The Florida Democratic Party recently sent to my house a mailer with pictures of Trump and Baker — and of the Rev. Martin Luther King Jr. with his quote, "There comes a time when silence is betrayal.'' King led the Southern Christian Leadership Conference. Baker is supported by Sevell Brown, the longtime former president of the SCLC chapter in St. Petersburg. Baker decisively won the poor, black neighborhoods of Midtown in the primary. But the Kriseman campaign and the Democrats would rather cheapen a phrase from King's seminal speech against the Vietnam War than deal with reality.

Another Democratic Party mailer pictures Trump and Baker and warns, "The Republicans are trying to take St.

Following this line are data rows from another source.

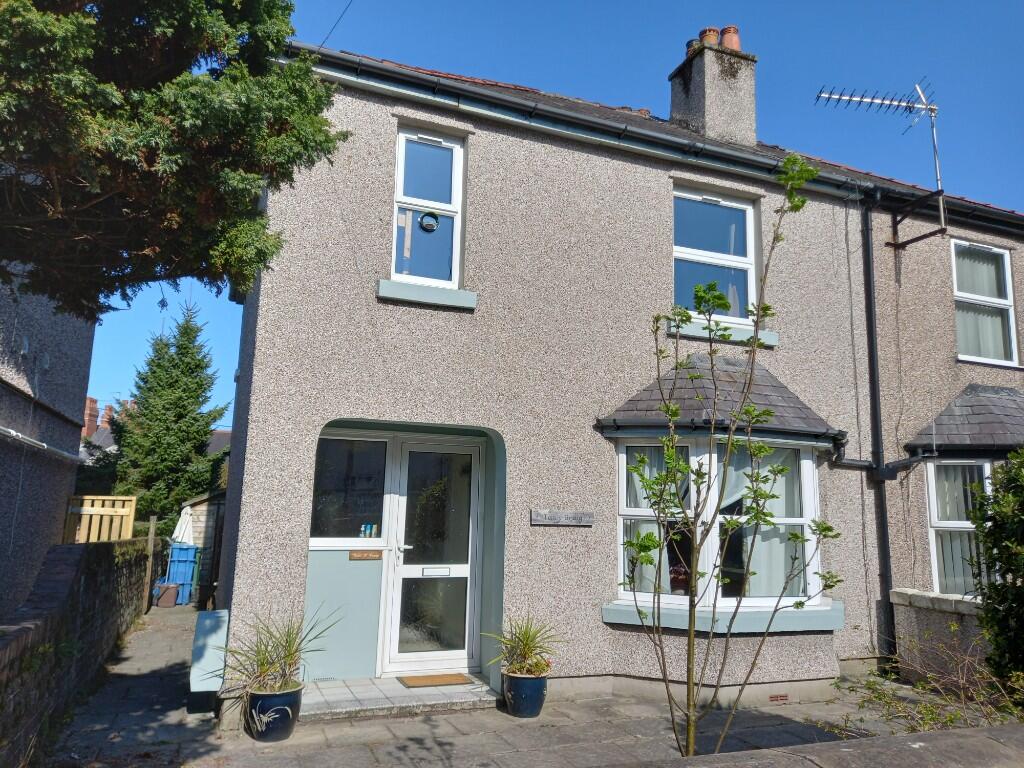 Main image of property: Bangor, Gwynedd, LL57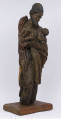 E/17554/ML - Rzeźba drewniana, pełna, z resztkami polichromii, przedstawiająca św. Józefa z Dzieciątkiem. Kompozycja frontalna. Postać stojąca, ubrana w długą szatę wykończoną ozdobną szatę wykończoną ozdobną koronką przy rękawach, drapowane w pionowe fałdy. Na ramionach  płaszcz, również wykończony koronką. Tył postaci modelowany gładko. Prawa ręka, wyciągnięta wzdłuż ciała, trzyma kwiat, który wystaje ponad ramię. Na lewej zgiętej ręce – Dzieciątko, które prawą ręką trzyma się szyi św. Józefa. Dzieciątko nagie, w pieluszkach. 
Twarz świętego skierowana w stronę Dzieciątka, pochylona w prawo. Pociągła. Nos posty. Usta lekko zaznaczone. Oczy lekko przymknięte. Bruzdy na czole i policzkach, misterne pukle brody i włosów. Na głowie rodzaj czapki, ściśle przylegającej. Postać świętego bez stóp. Liczne spękania i ubytki fragmentów.

Konserwacja: 1988 r.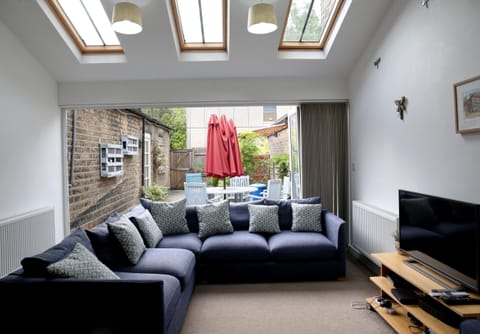 Dragonfly's Living room open to the terrace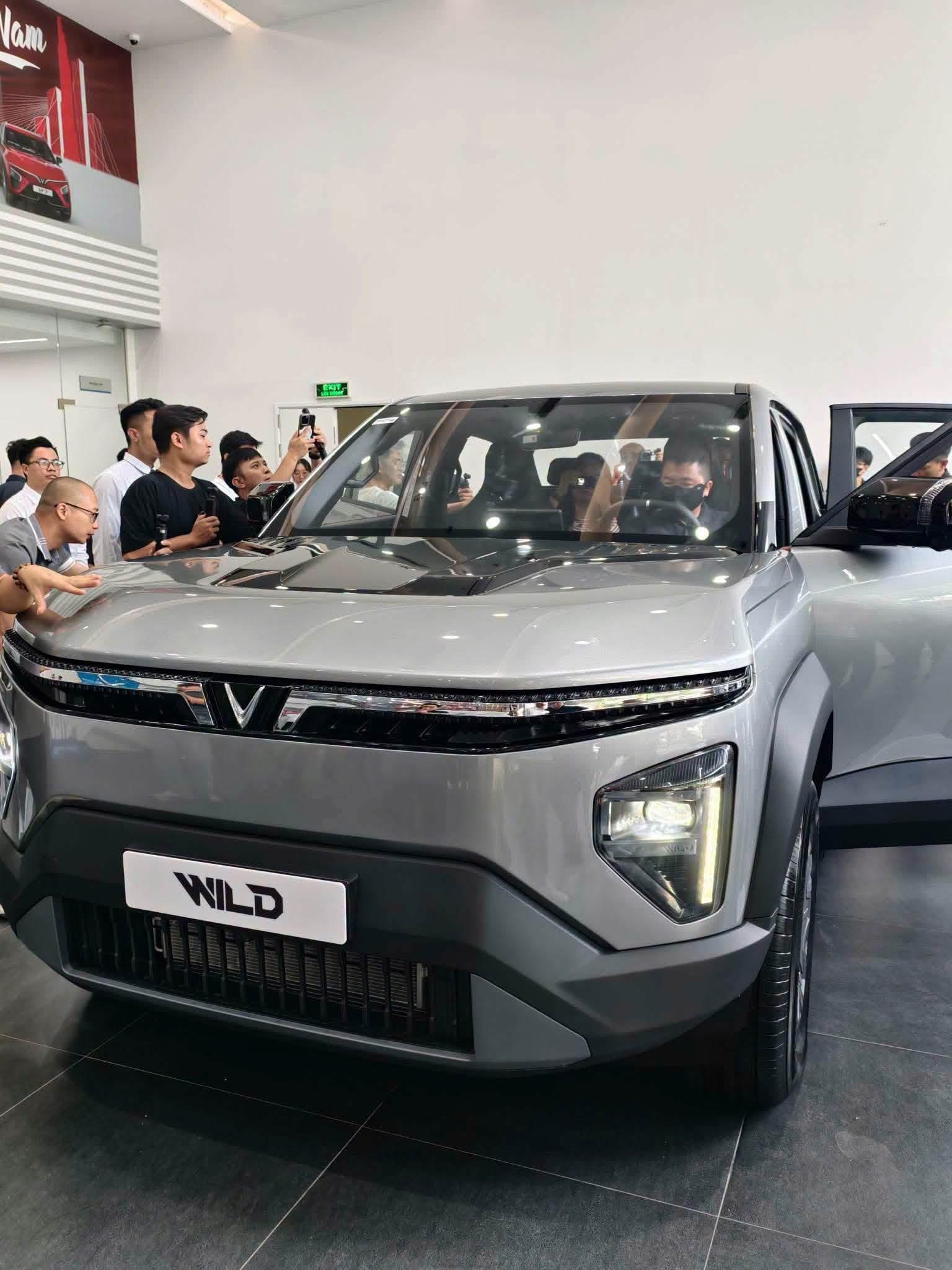Cận cảnh đầu xe VF Wild tại khu trưng bày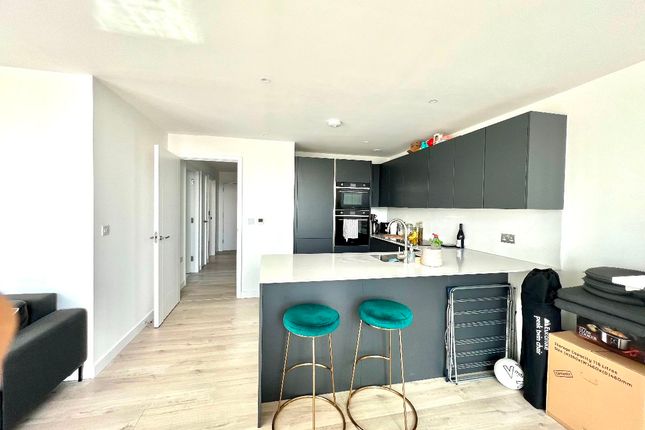 Flat 211, Hartingtons Court, London photo 4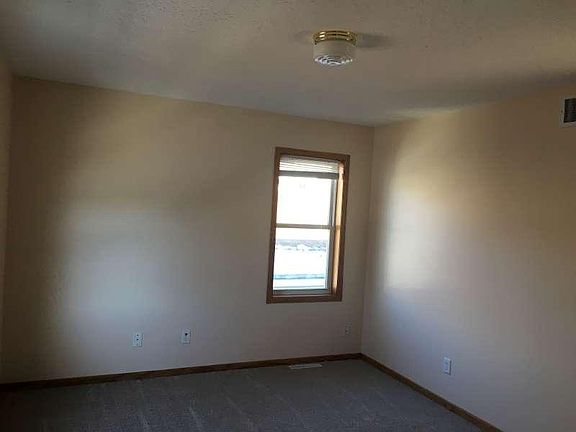 5th image of 1523 Sheridan Ave N
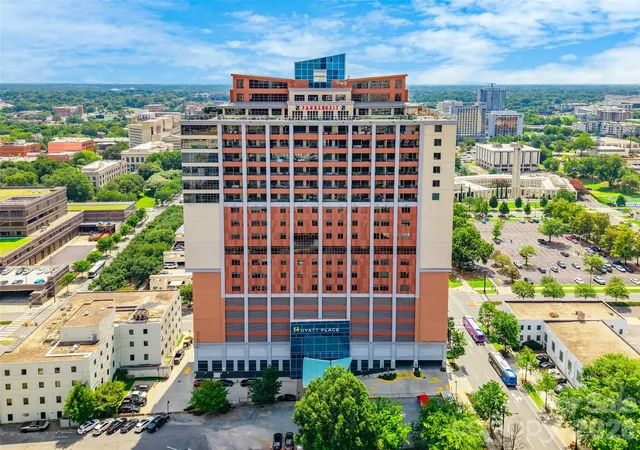2nd image of 222 S Caldwell St #1607, Charlotte, NC 28202 | MLS# 4415569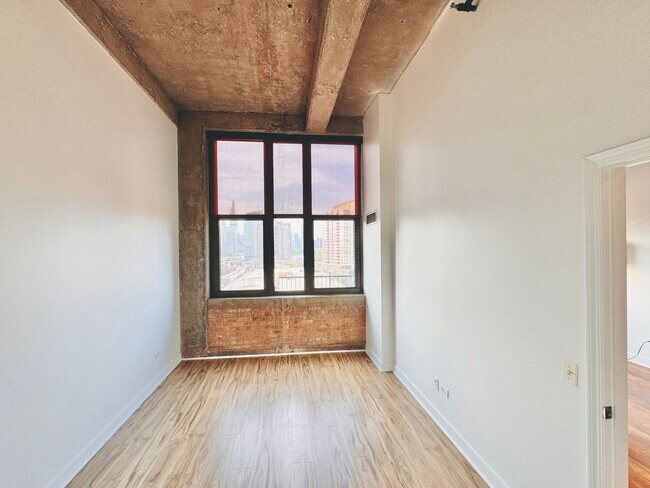 Building Photo - 320 E 21st St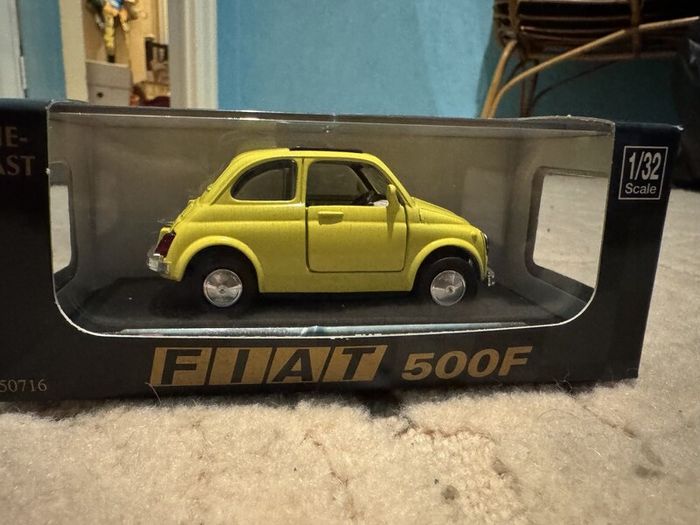 Two Boxed Fiat 500 Diecast Models, Solido Prestige 1:18 and New-Ray 1:32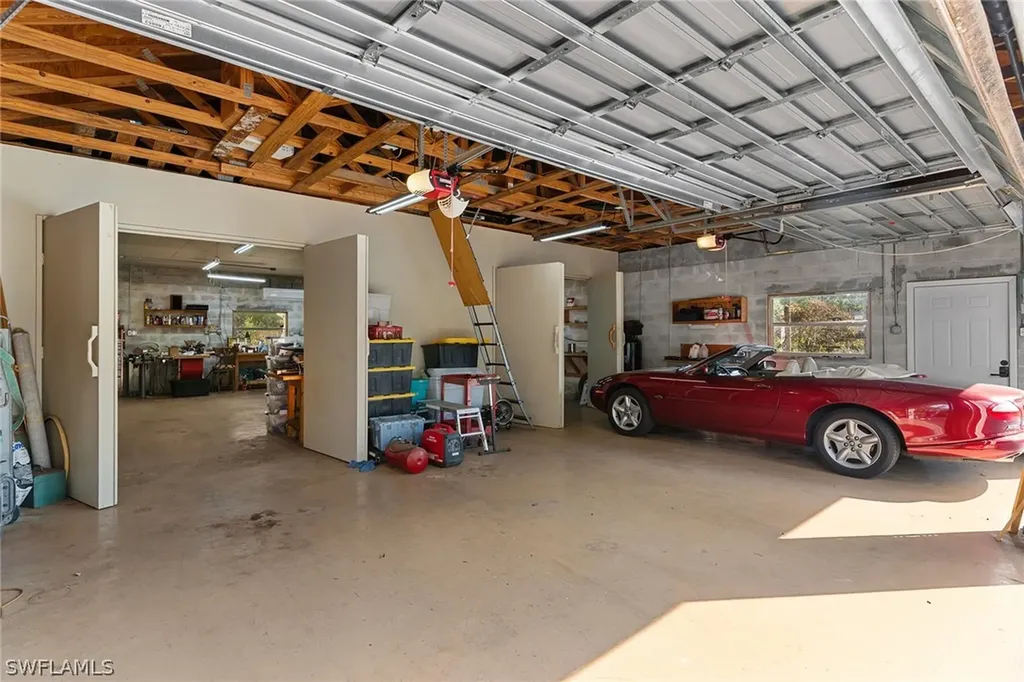 3675 1st Avenue NW Naples FL 34120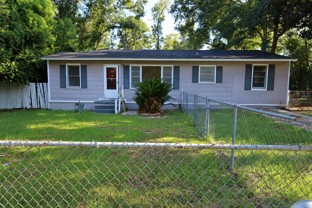 818 Stillwater Dr - Photo 1 of 1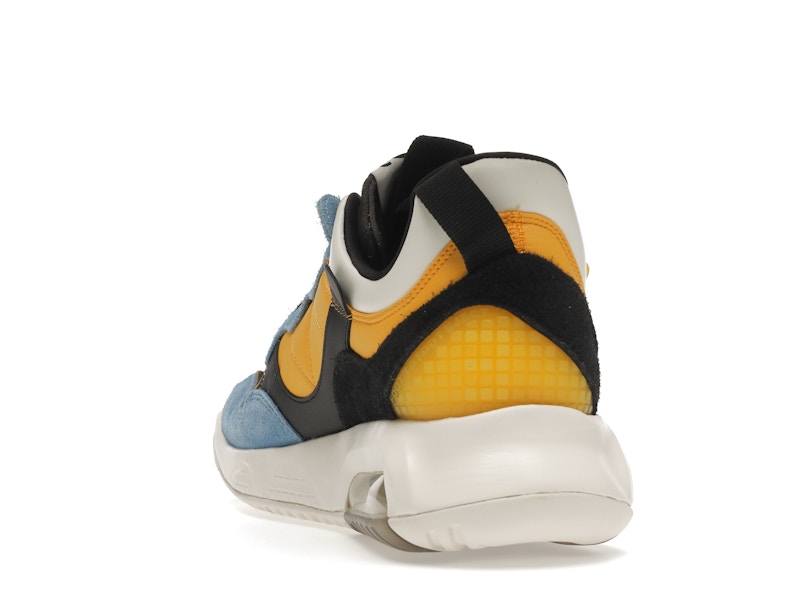 Jordan MA2 University Gold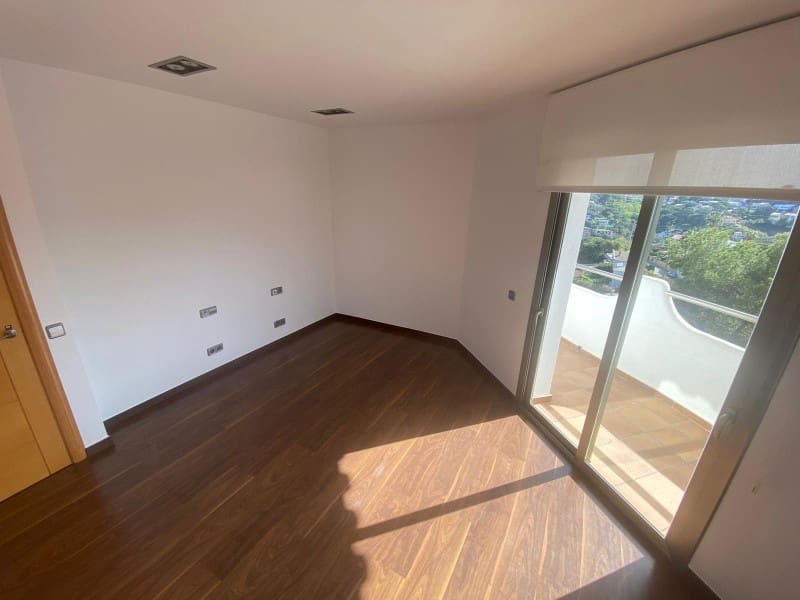 5 sovrum Villa till salu i Lloret de Mar med garage - 1 050 000 € (Ref: 8744336)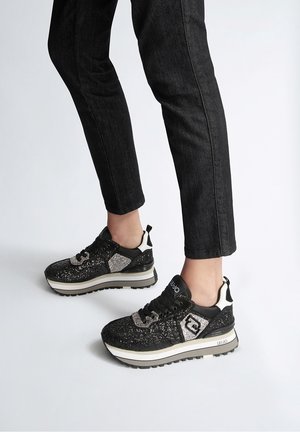 Baskets basses - black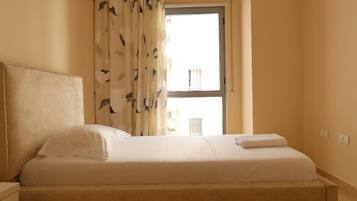 Iron/ironing board, WiFi, bed sheets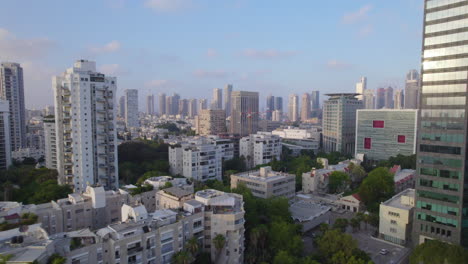 Sourasky-Medical-Center-–-Ichilov-Hospital-Tel-Aviv-Aus-Der-Ferne-Zwischen-Gebäuden-–-Schiebeaufnahme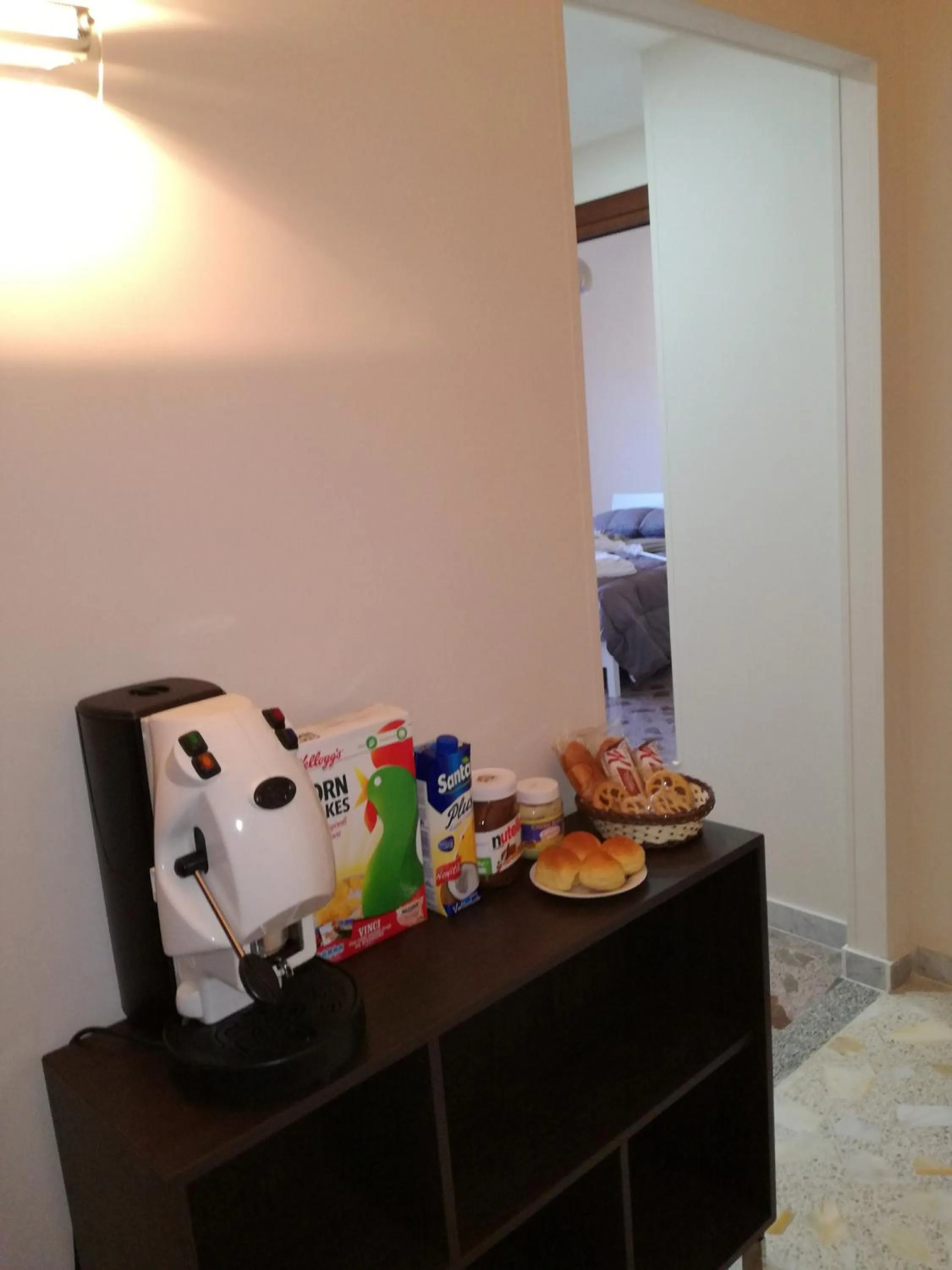 Coffee/tea facilities in B&B Amina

Pete. Don't let them.'' There are nearly 47,000 registered Republicans living in St. Petersburg. Does Kriseman want them to move, or is he mayor for only Democrats?

This is not the best local strategy for a mayor claiming to be a regional player when Republicans control most county and state elected offices. Tampa Mayor Bob Buckhorn takes pains to work with most everyone, including Gov. Rick Scott. But Kriseman can't defend his record and wants to make a name for himself in state and national circles by demonstrating Democrats can defeat Republicans by screaming Trump's name and playing identity politics. He runs the most partisan, sharp-elbowed city administration since St. Petersburg adopted the strong mayor form of government nearly 25 years ago:

• City Council member Jim Kennedy, a Democrat supporting Baker, has described how Kriseman has been vindictive and "removed council members from boards, blocked our ability to dialogue with city staff and cancelled meetings on unrelated topics because of past disagreements.''

• Deveron Gibbons, an African-American Republican and a member of the St. Petersburg College board of trustees, criticized the mayor at a meeting with black police officers early in Kriseman's tenure. Kriseman called then-SPC president Bill Law to complain.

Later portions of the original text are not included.